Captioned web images
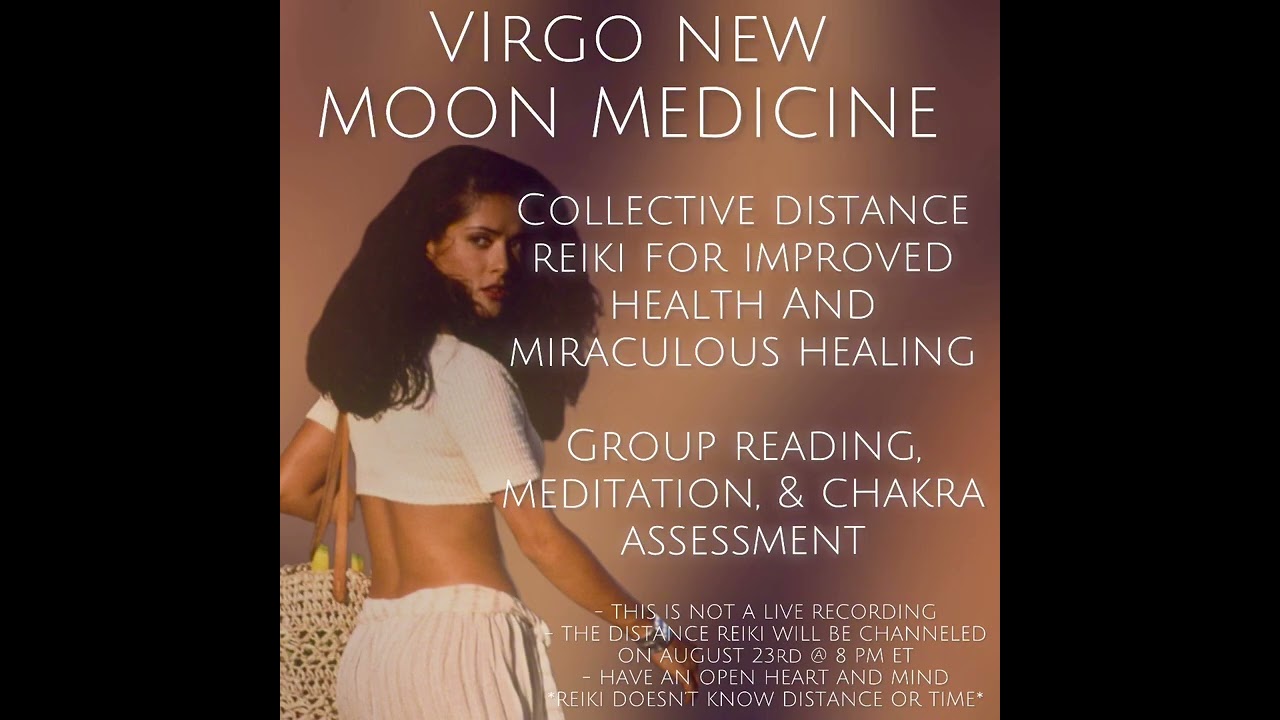 Virgo New Moon Medicine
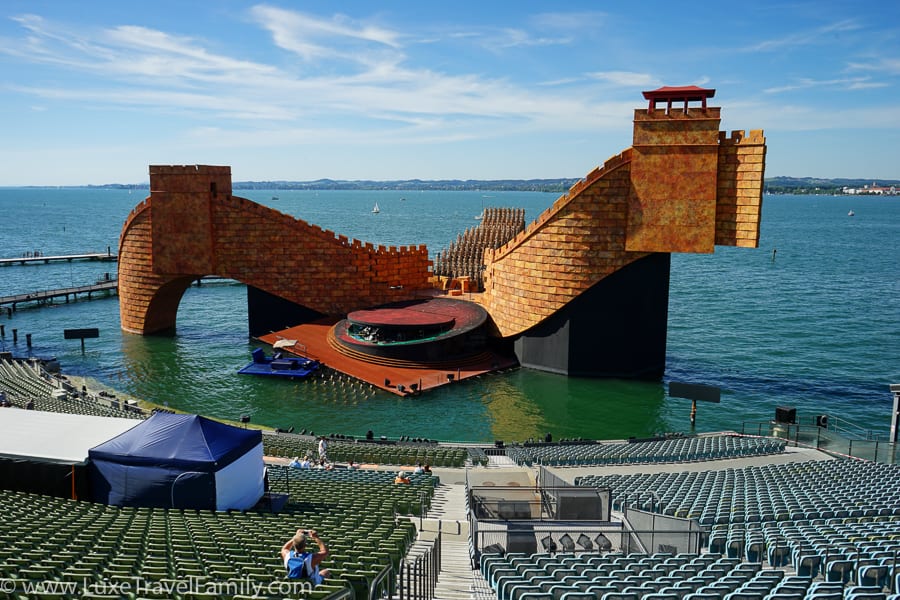 Bregenz Festival Stage Things to do in Bregenz Austria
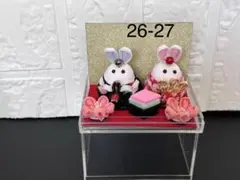 케이스 26-27에 든 인형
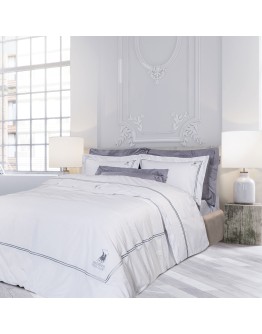 GREENWICH POLO CLUB ΠΑΠΛΩΜΑΤΟΘΗΚΗ ΣΕΤ ΥΠΕΡΔΙΠΛH 2127 WHITE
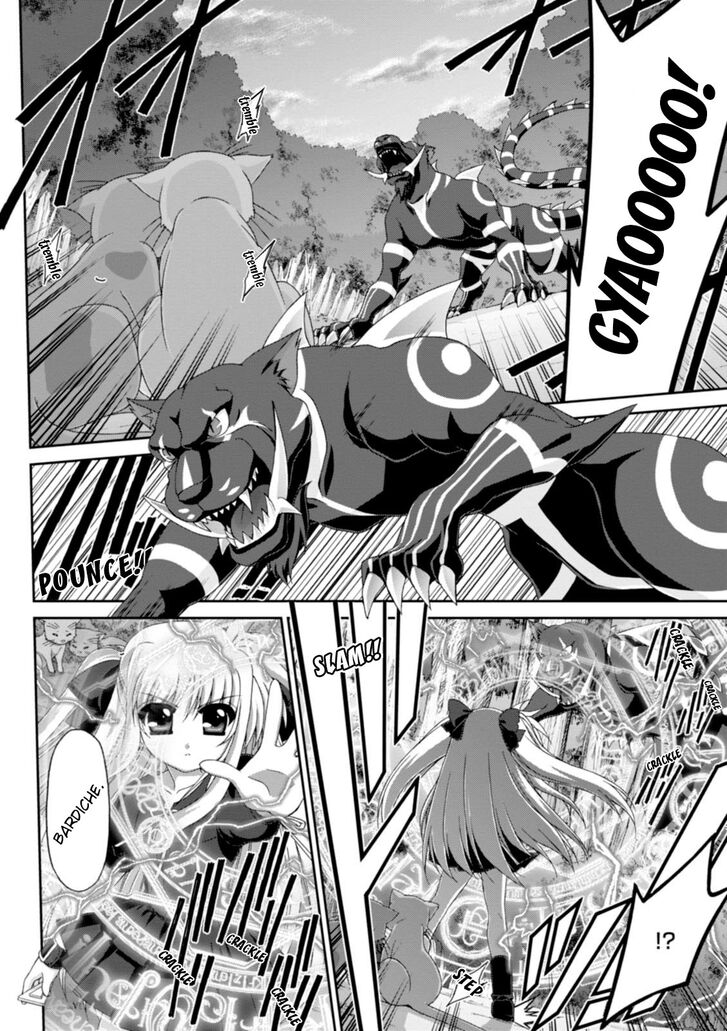 Original Chronicle Mahou Shoujo Lyrical Nanoha The 1st Chapter 4 page 12 - Chapter 4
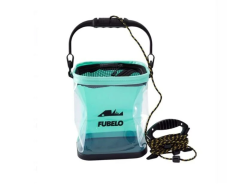 Fubelo Flar Katlanır Yeşil Balıkçı Kovası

TASK PROMPT:
Write out the records in full and exactly, omitting the pictures they hold.

RESULT OF THIS TASK:
 Virgo New Moon Medicine
 Bregenz Festival Stage Things to do in Bregenz Austria
 케이스 26-27에 든 인형
 GREENWICH POLO CLUB ΠΑΠΛΩΜΑΤΟΘΗΚΗ ΣΕΤ ΥΠΕΡΔΙΠΛH 2127 WHITE
 Original Chronicle Mahou Shoujo Lyrical Nanoha The 1st Chapter 4 page 12 - Chapter 4
 Fubelo Flar Katlanır Yeşil Balıkçı Kovası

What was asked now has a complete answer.